The museum will feature seven customised galleries designed to explain aspects of the Partition and the struggle for Independence. PTI The Partition Museum was inaugurated Thursday at the Dara Shikoh Library in Ambedkar University Delhi, Kashmere Gate.
Inaugurating the museum, Education Minister Atishi, who also holds the portfolio of Art and Culture, said: “ I come from a family of Partition survivors.

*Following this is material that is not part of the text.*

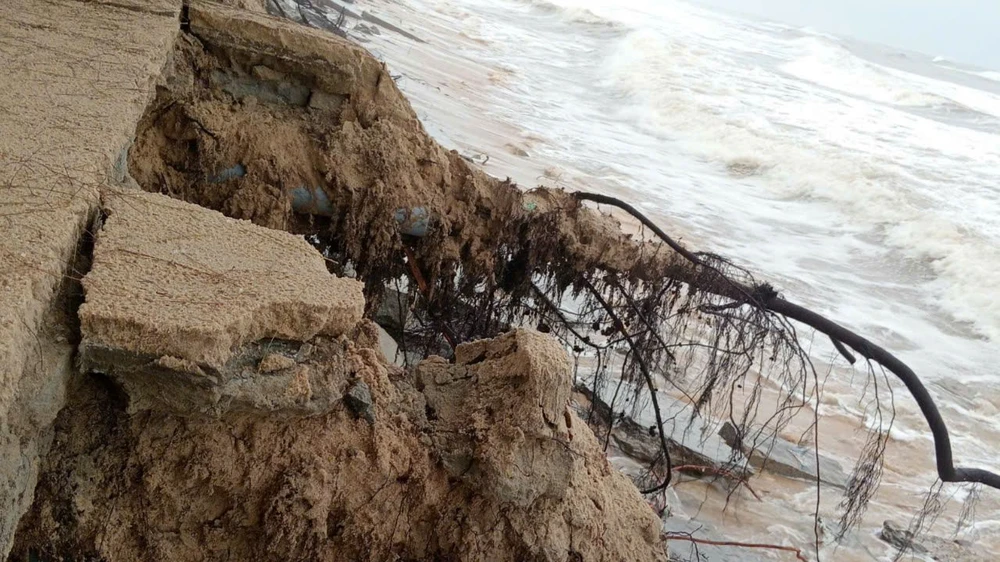 sat-lo-nghiem-trong-o-cua-bien-hoa-duan-noi-xay-ra-tham-hoa-trong-tran-lu-1999 (3).jpg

My grandfather worked as a clerk in the Government of India and had to stay with his parents in Pakistan till the very last moment… my great-grandmother planned to take a train from Pakistan to India, but did not…it had no survivors… this was a divine intervention.”
“It is very easy to destruct the social fabric of the society with hatred, but it takes hundreds of years to heal those wounds… vested interests of some people broke the social fabric of our country, and till today, lakhs of families are traumatised because of that,” she added.

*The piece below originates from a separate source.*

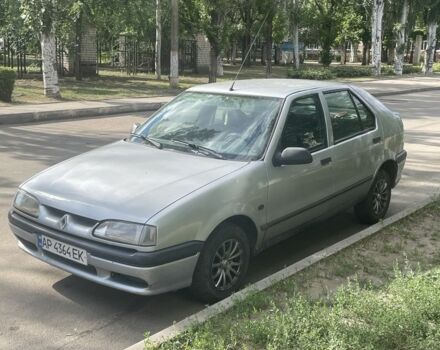 Серый Рено 19, объемом двигателя 1.8 л и пробегом 195 тыс. км за 800 $, фото 1 на Automoto.ua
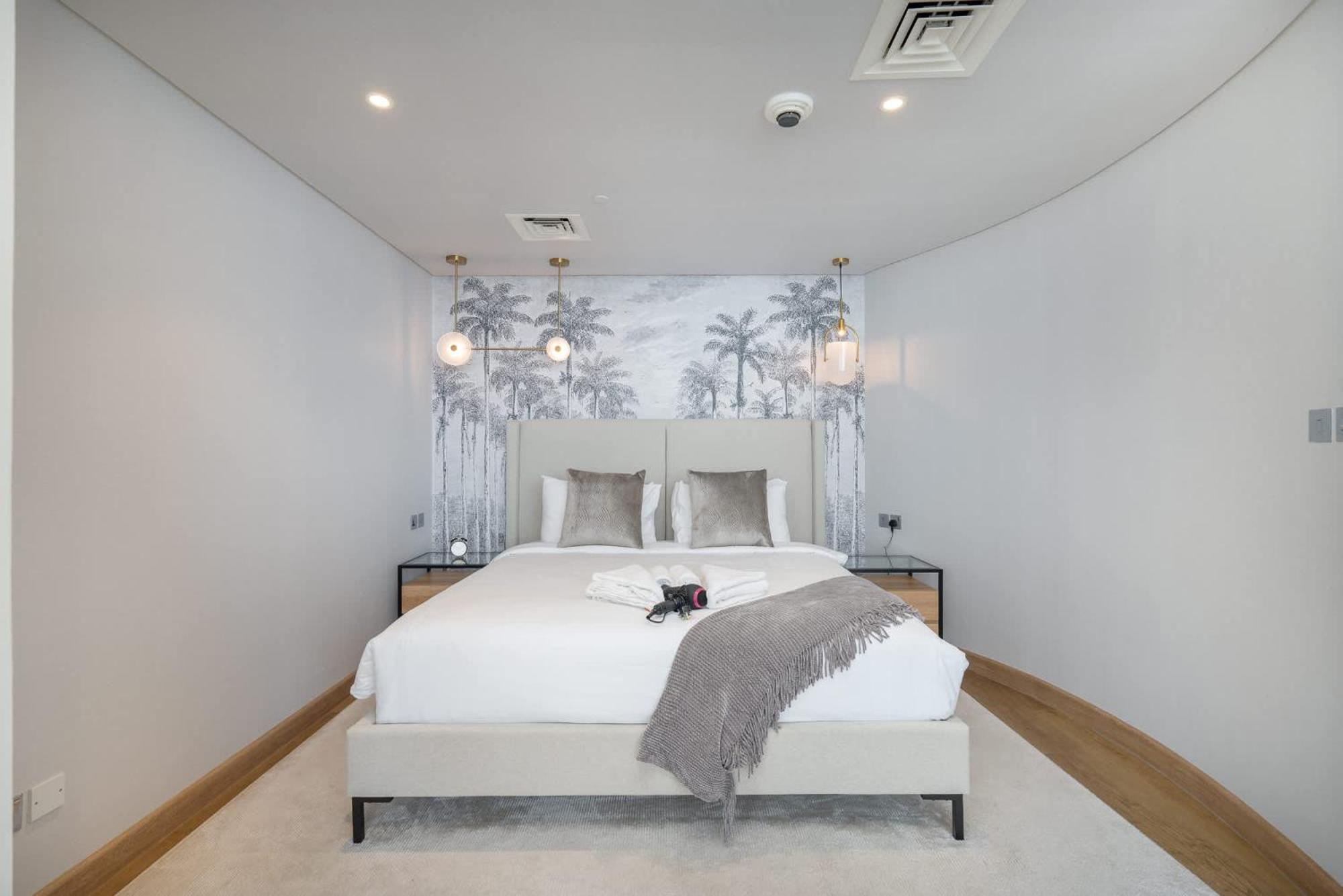 Stylish With Impressive Decor And Furniture At Sky Garden! Appartement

Atishi appreciated the uniqueness of the Partition Museum and highlighted that not only does it speak about history but also connects people with the past.

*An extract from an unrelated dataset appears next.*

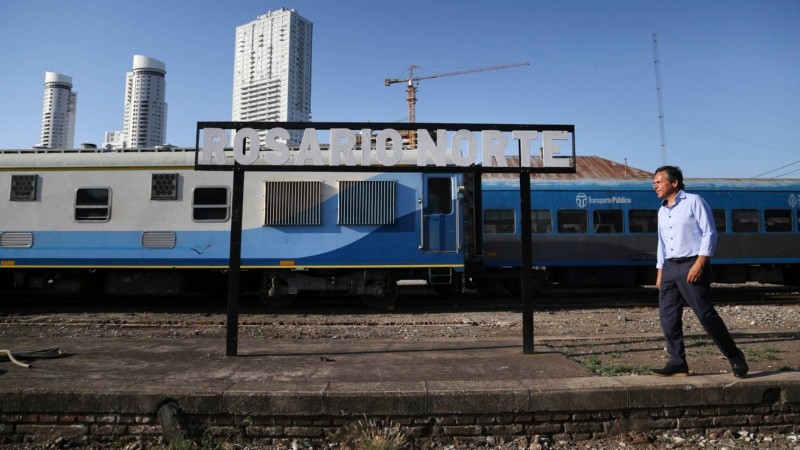 Giuliano en la estación Rosario Norte, donde charló a solas con Rosario3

Along with interactive media, the museum will feature a ‘virtual reality experience’, belongings donated by people who witnessed the Partition, and a souvenir shop.
The library will also serve as a cultural hub with exhibits on different aspects of the city and its history.
The museum would endeavour to depict memories of the Partition as experienced by people, officials said.
The period transformed Delhi significantly and major parts of the national capital, including the areas like Lajpat Nagar, C R Park and Punjabi Bagh, were established after the Partition.
The museum will feature seven customised galleries designed to explain aspects of the Partition and the struggle for Independence.
Witnessing the rail coaches, ancient havelis, and replicas of refugee camps would be an eye-opening experience for many, said an official statement, adding that the museum has a special gallery dedicated to Sindh.
The museum also includes a ‘Gallery of Hope and Courage’ which would display photographs, mementos, and experiences of people revisiting their ancient properties and places in Pakistan decades after the Partition.
The project has been taken up under the Union Ministry of Tourism’s ‘Adopt a Heritage’ scheme, which involves adopting and maintaining such structures.
The building itself, which had issues of leaking roofs and damp walls, was restored by the Delhi government and retains parts of its colonial and Mughal pasts.
The library building that was Dara Shikoh’s, Mughal emperor Shah Jahan’s son, in the 1600s, was later inhabited by David Ochterlony, the British Resident in Delhi.